Или вот ещё. Когда горят под абажуром лампочки или солнце бьёт прямо в окно поверх белых занавесочек, а Миша забирается на родительскую тахту (матрас, уложенный на козлы), тогда Мишина тень очень чётко ложится на стену, на «ковёр», то есть на клеёнку с нарисованным красивым озером, замком, одинаковыми деревьями и, конечно, — двумя белыми лебедями. Но Миша видит только свою тень. Миша специально надевает те штаны, похожие на галифе, папину настоящую пилотку, мамин передник на плечи и идёт в бой. Как красиво развевается у него на плечах плащ-палатка, как он вскакивает, выставляет вперёд полусогнутую ногу, оборачивается, поднимает высоко руку с автоматом и кричит: «Вперёд! За мной! Сталина!!!» И поёт голосом специальную музыку, которую играют в кино всегда, когда атака… Но вдруг раздаётся выстрел… Миша вздрагивает… секунды на две-три замирает, прогнувшись, в этой неудобной кинопозе, косо смотрит на свою тень и, как подкошенный, падает на сырую землю. То есть на тахту.
Однажды Миша свалился с тахты на пол и крепко стукнулся затылком. Так в его коллекции появился ещё один запах. Миша решил, что так пахнет удар головой, но мама сказала, что это запах крови. Запах, в котором тоже — мно-о-ого чего прячется.
Миша зачастил к врачам. Ветрянка уже прошла, но запахи детской поликлиники становились всё более и более привычными. При нём много раз обсуждали его заболевание, и он мог запросто, не вникая в смысл, попугайски повторять: «После скарлатины осложнение на руки и на ноги. Ревматизм и ревмокардит».
Доктор Брэнэр — так называли все горбатую одноглазую старушку — больно не делала: водила холодной слушалкой по груди и по спине и заглядывала в рот, давя железной плоской палочкой на язык аж до рвотного кашля. Но на этом все неприятные ощущения заканчивались, а начинались вещи, скорее похожие на игру. Лечебная физкультура, грязевые процедуры (а уж там запахи во!). Настоящие неприятности начались с приближением зимы, и не в поликлинике, а в детском саду.
Чулки и мальчики, и девочки носили одинаковые. А это значит — лифчики на груди или резиновые колечки на ногах. В садике разрешали только лифчики. Миша считал, что мальчиковые застёгиваются спереди, а у девочек — сбоку. Чулки надевали всем примерно в одно и то же время, и только Мише — в связи с его ревматизмом — раньше всех. Это вызывало противное злорадство у всех детей: — У-у, зима напала! На Мамалыгу зима напала! У-у-у!

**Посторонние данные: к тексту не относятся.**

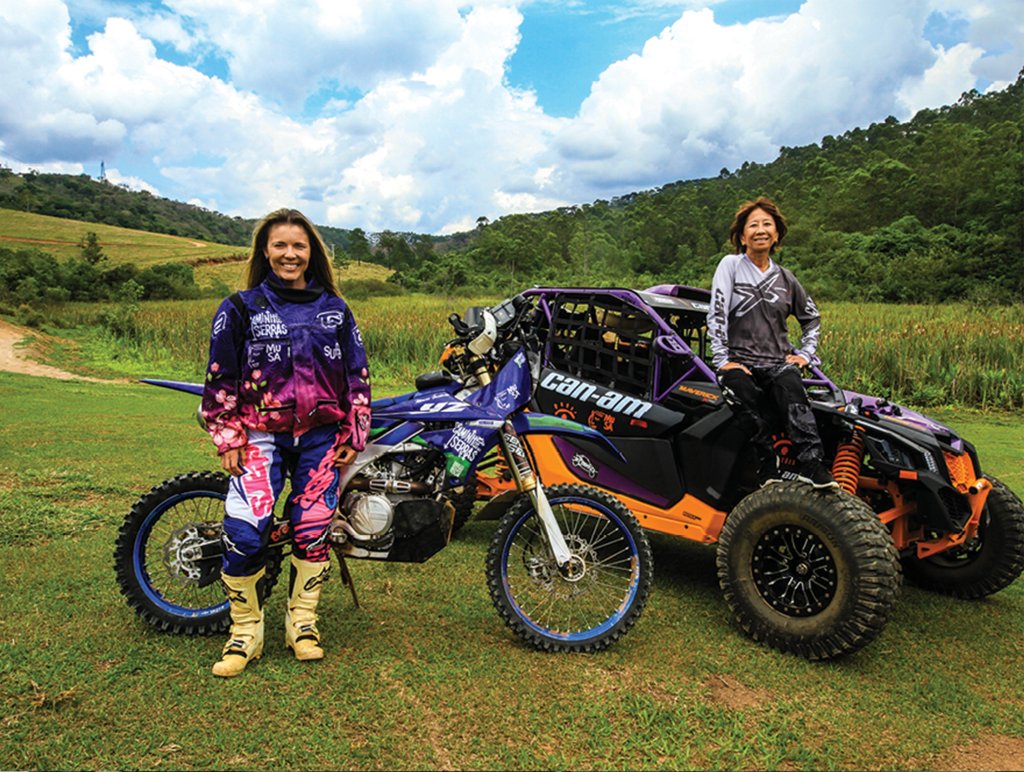 Em um campo verde, duas mulheres vestidas com uniformes estão paradas junto aos seus veículos. Uma delas, loira, tem uma moto, usa uniforme rosa e roxo e botas amarelas. A outra, de cabelos castanhos curtos, usa uniforme cinza e preto e está sentada sobre um UTV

Миша вздыхал и терпел. Ему объяснили дома, что это так нужно, чтобы ноги не «крутило». А у Миши «крутило». Перед каждым дождём Миша лежал, с силой поджав ноги, и беззвучно плакал, потому что ноги, и в самом деле, просто закручивало болью. Колени опухали. Боль не давала отдохнуть и нельзя было найти такую позу, от которой стало бы хоть чуть-чуть полегче. Мама растирала эти ненавистные ноги водкой, и водочный запах прочно связался в Мишиной памяти с облегчением, избавлением от боли. Когда после многочасовой боли становилось легче, он вздыхал послеплачевым прерывистым вдохом и говорил, прижимаясь к маме, что, когда вырастет, обязательно женится на ней, и пусть папа даже не обижается. Папе он купит зелёные брюки.